**Work required:**
Line by line, repeat the data below exactly, beginning at the first line and ending at the line with "JUMBEAR Schöner Ordner". Omit pictures.

Image-caption web data
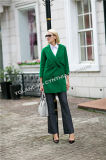 Fashion Women's Wool Coat/Upper Pockets Double Breasted Suit Collar Green Wool Coat/Women's Clothing/Winter Outer Wear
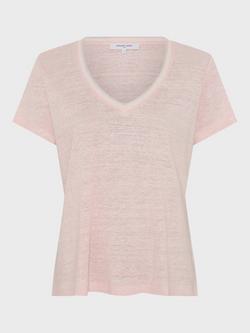 Gerard Darel Mirana V-Neck Pure Linen T-Shirt - view 2, Pink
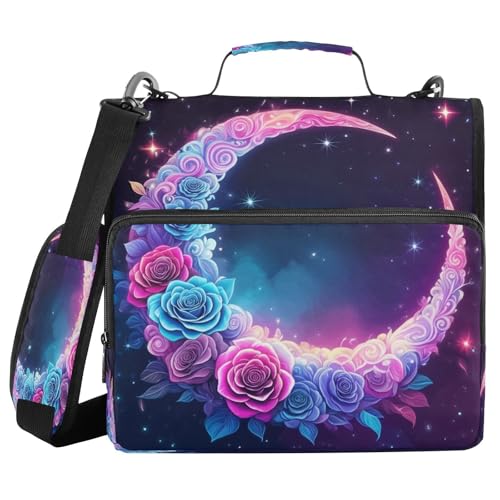 JUMBEAR Schöner Ordner mit Reißverschluss und Schultergurt, 3,8 cm O-Ringe, erweiterbarer Aktenordner, mehrere Taschen, Kapazität 600 Blatt von JUMBEAR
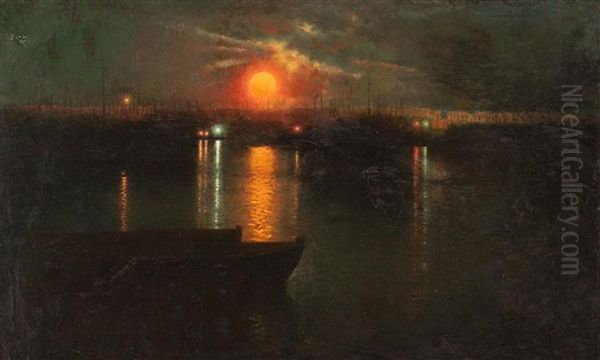 Nocturno: Puerto De Barcelona Oil Painting by Luis Graner y Arrufi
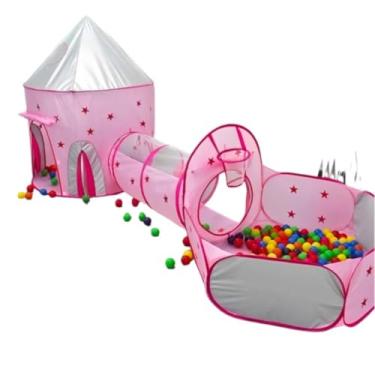 Imagem de Barraca Infantil Rosa 3 em 1 com Túnel e Piscina de Bolinhas, Cesta de Basquete Integrada, Toca Dobrável Portátil para Meninas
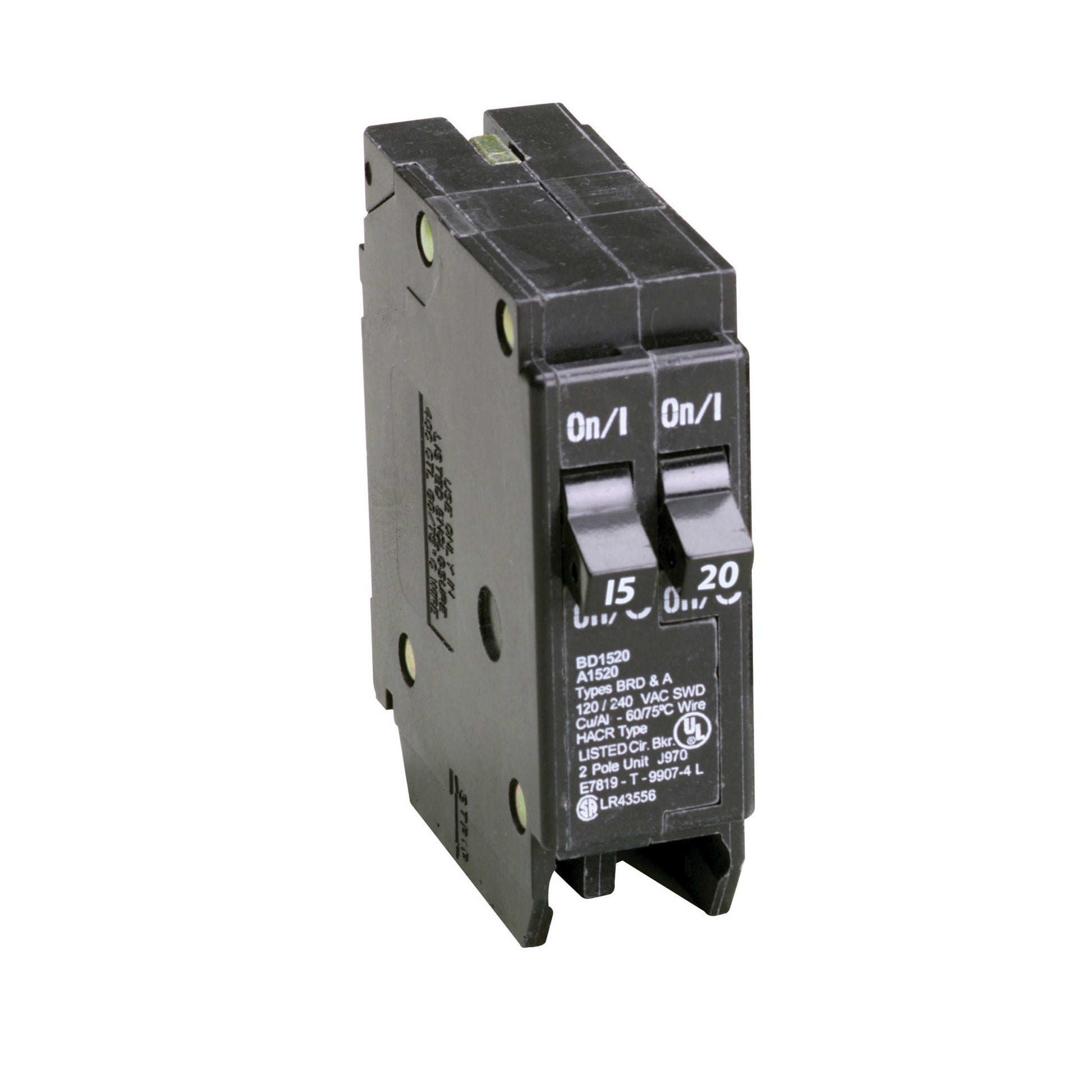 BD1520 - Eaton/ Westinghouse/ Cutler Hammer Feed-Thru 20 Amp 2 Pole Circuit Breaker - Essential Electric Supply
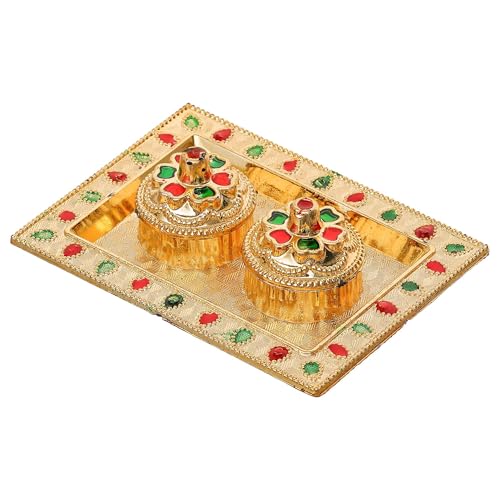 Image of eCraftIndia Golden Decorative Roli Chawal /Rice Holder, Akshata Haldi Kumkum Holder, Kankavati Pooja Items for Home Puja Mandir Temple- Gift for Diwali Navaratri- Diwali Decoration Items For Home Decor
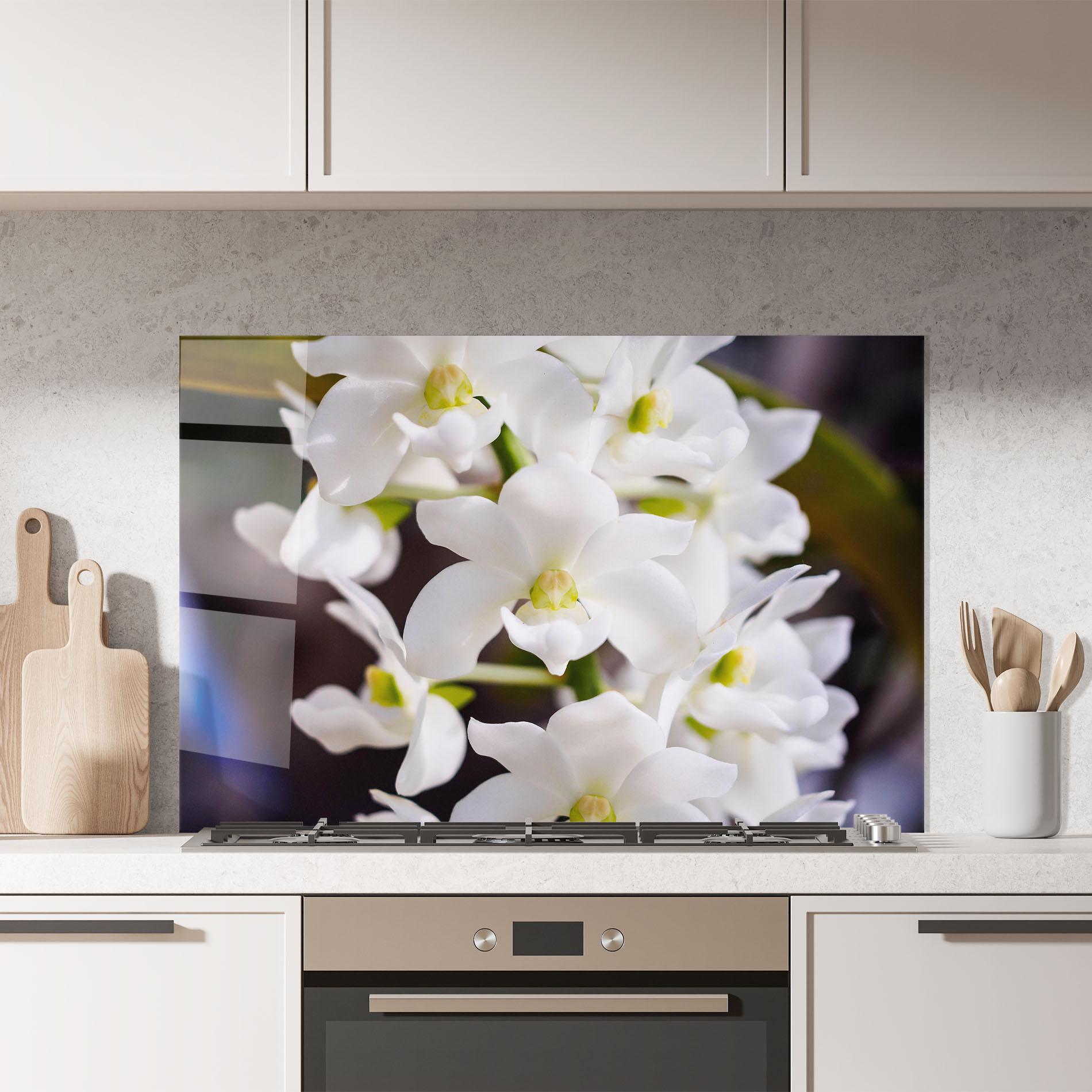 Panou Sticla Bucatarie Small White Orchids mockup 7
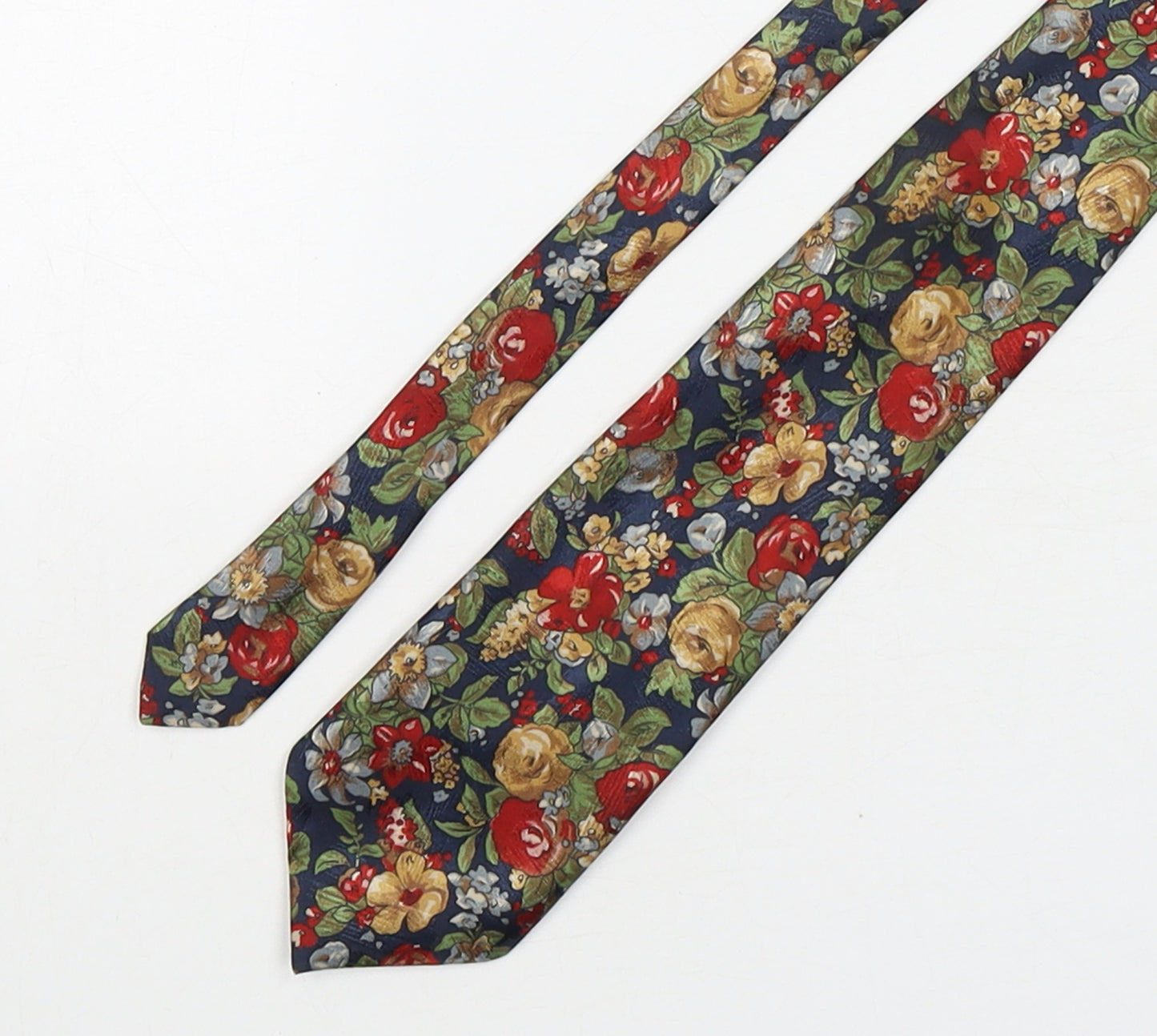 Marks and Spencer Mens Multicoloured Floral Polyester Pointed Tie One Size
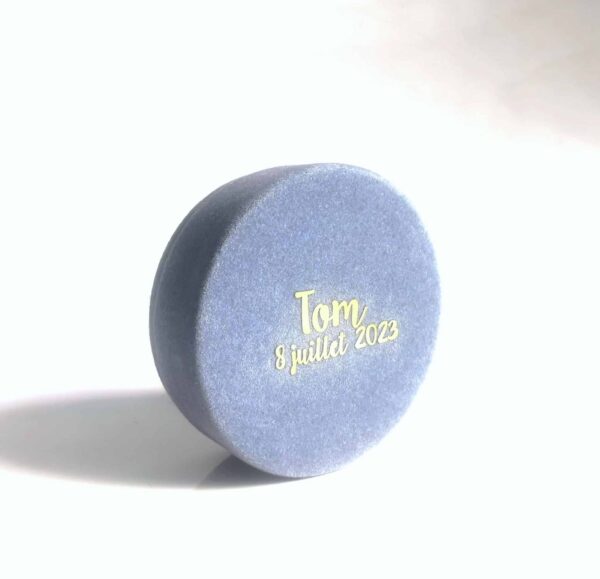 Boite a dragees ronde bleu effet velours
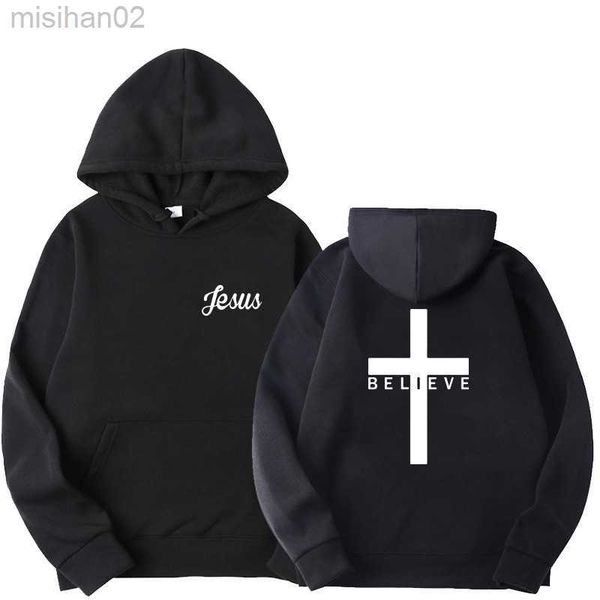

men's hoodies sweatshirts men's believe cross jesus printed hoodies man design drawstring hoodie harajuku spring autumn hooded st, Black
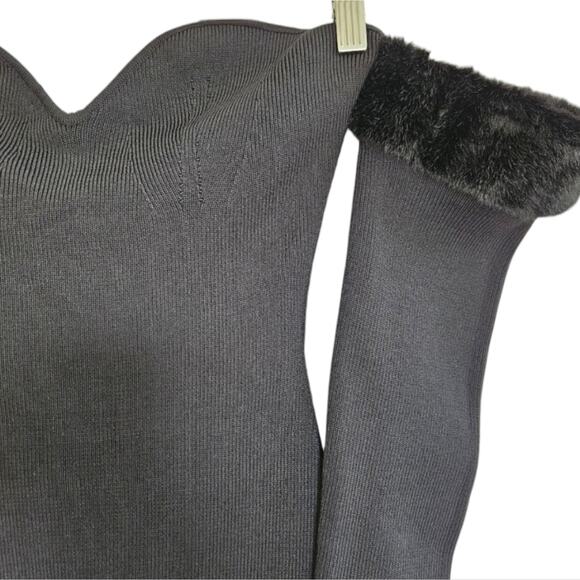 Staud Josee Knitted Mini Dress Staud Black Faux Fur Trim Size M NWT Event - Picture 4 of 12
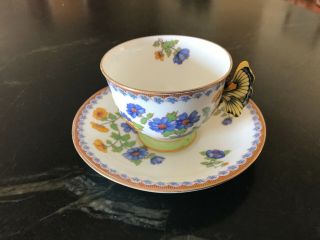 Aynsley Butterfly Handle England Bone China Cup Saucer Teacup 3
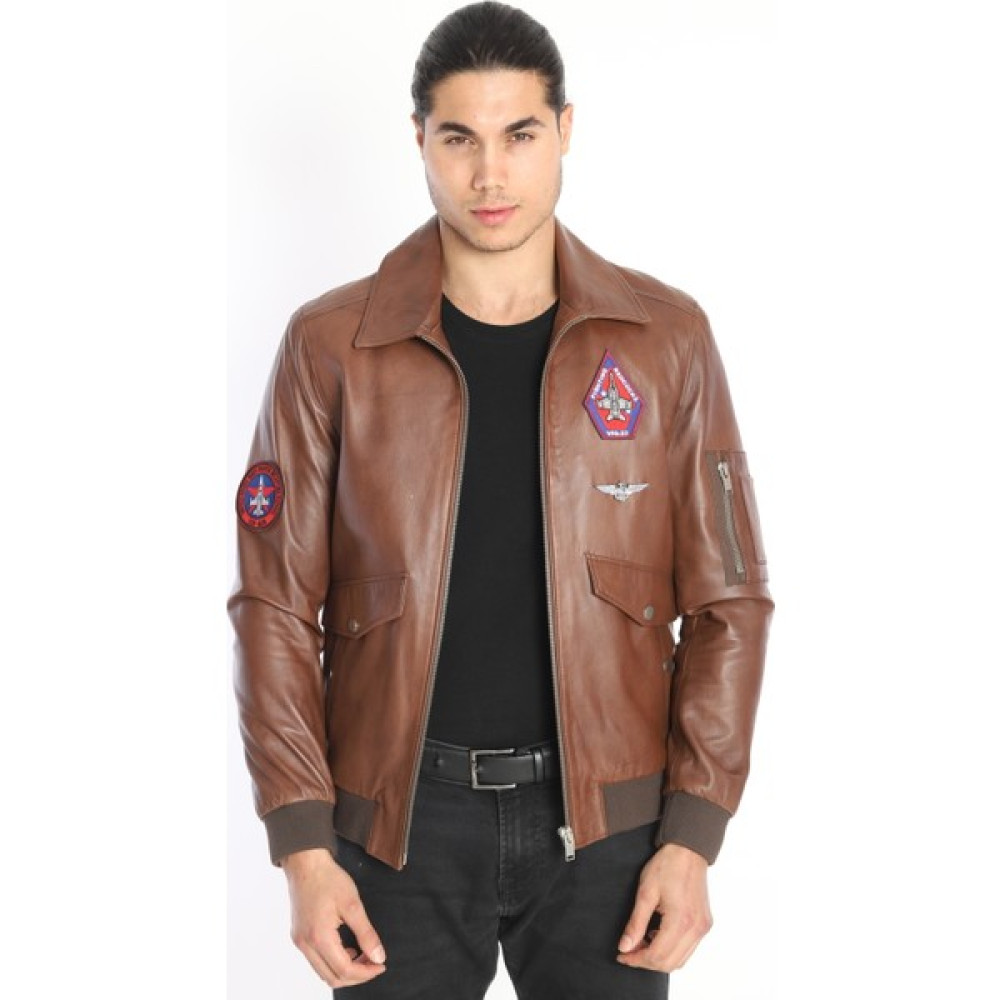 Rezon Deri Erkek Bomber Aviator Kahverengi Hakiki Deri Ceket Erkek Ceket Fiyatı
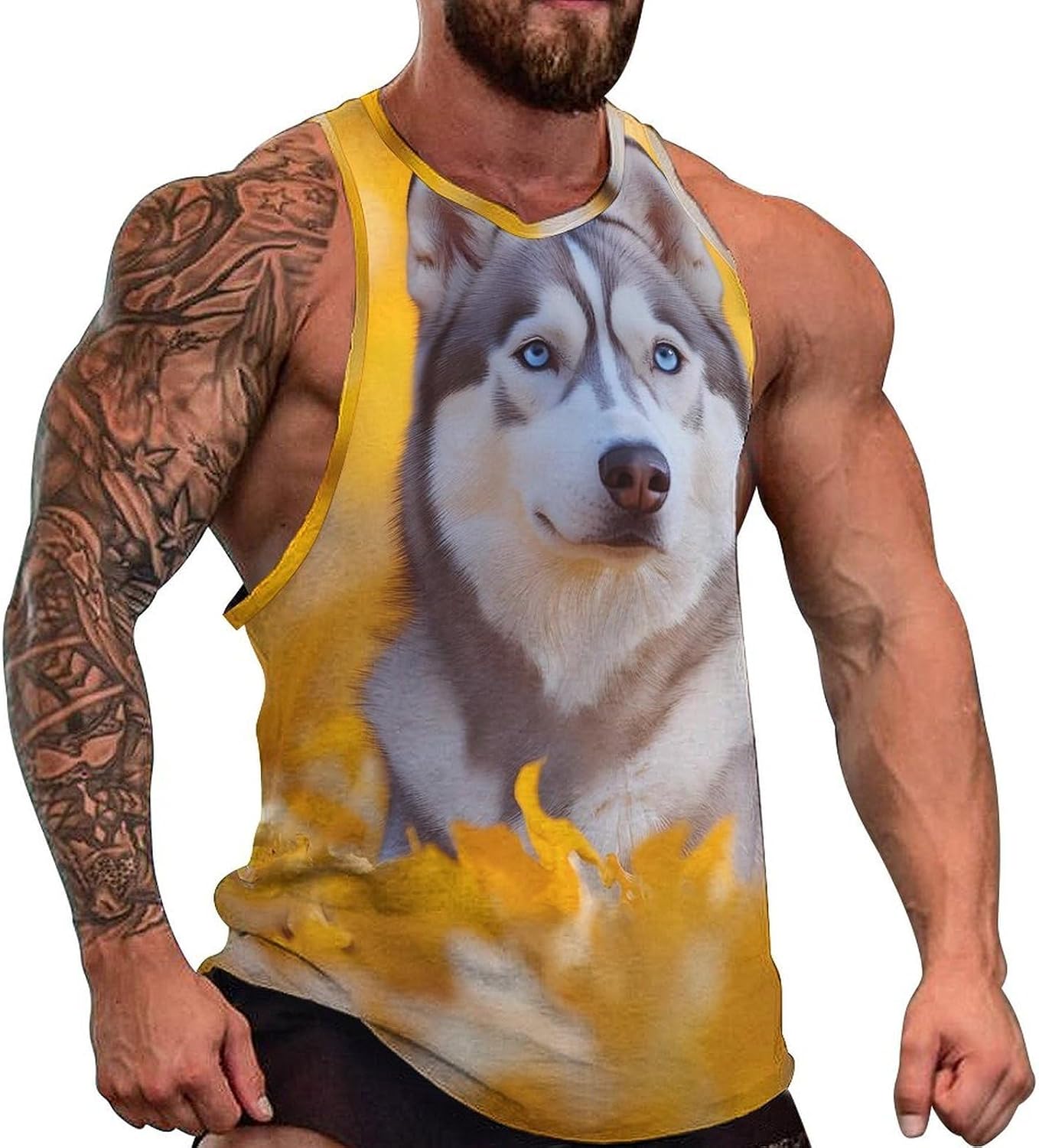 Siberian Husky Men's Tank Tops Sleeveless Muscle Shirts for Men Lightweight Vest Crew Neck T-Shirts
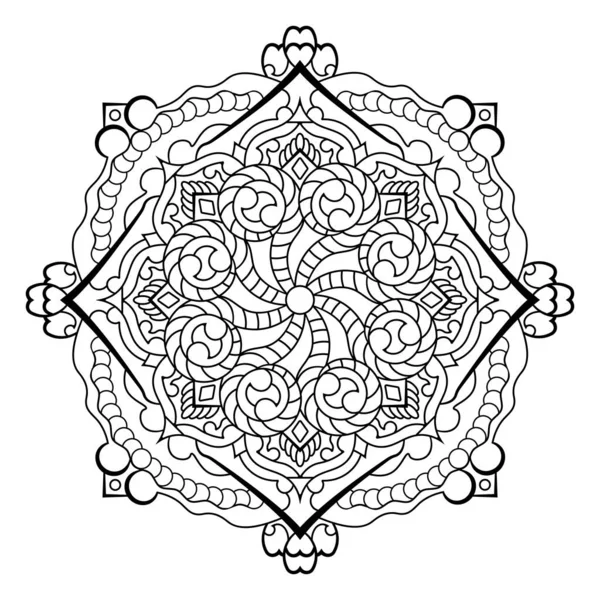 Mandala. Kına, dövme ve süslemeler için doğu dairesel desen. Boyama kitabı sayfası. Vektör illüstrasyonu.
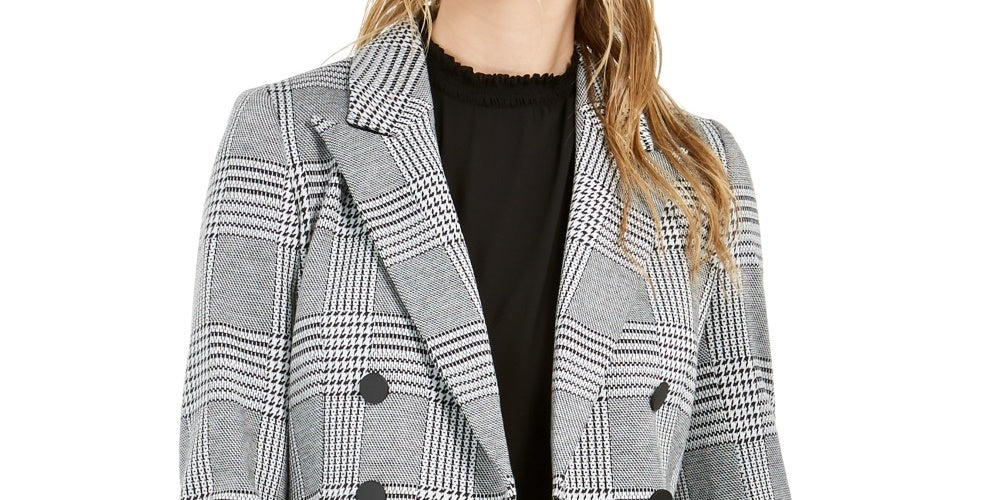 Bar III Women's Houndstooth Print Double Breasted Jacket Black Size 2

**Answer area:**
 Fashion Women's Wool Coat/Upper Pockets Double Breasted Suit Collar Green Wool Coat/Women's Clothing/Winter Outer Wear
 Gerard Darel Mirana V-Neck Pure Linen T-Shirt - view 2, Pink
 JUMBEAR Schöner Ordner mit Reißverschluss und Schultergurt, 3,8 cm O-Ringe, erweiterbarer Aktenordner, mehrere Taschen, Kapazität 600 Blatt von JUMBEAR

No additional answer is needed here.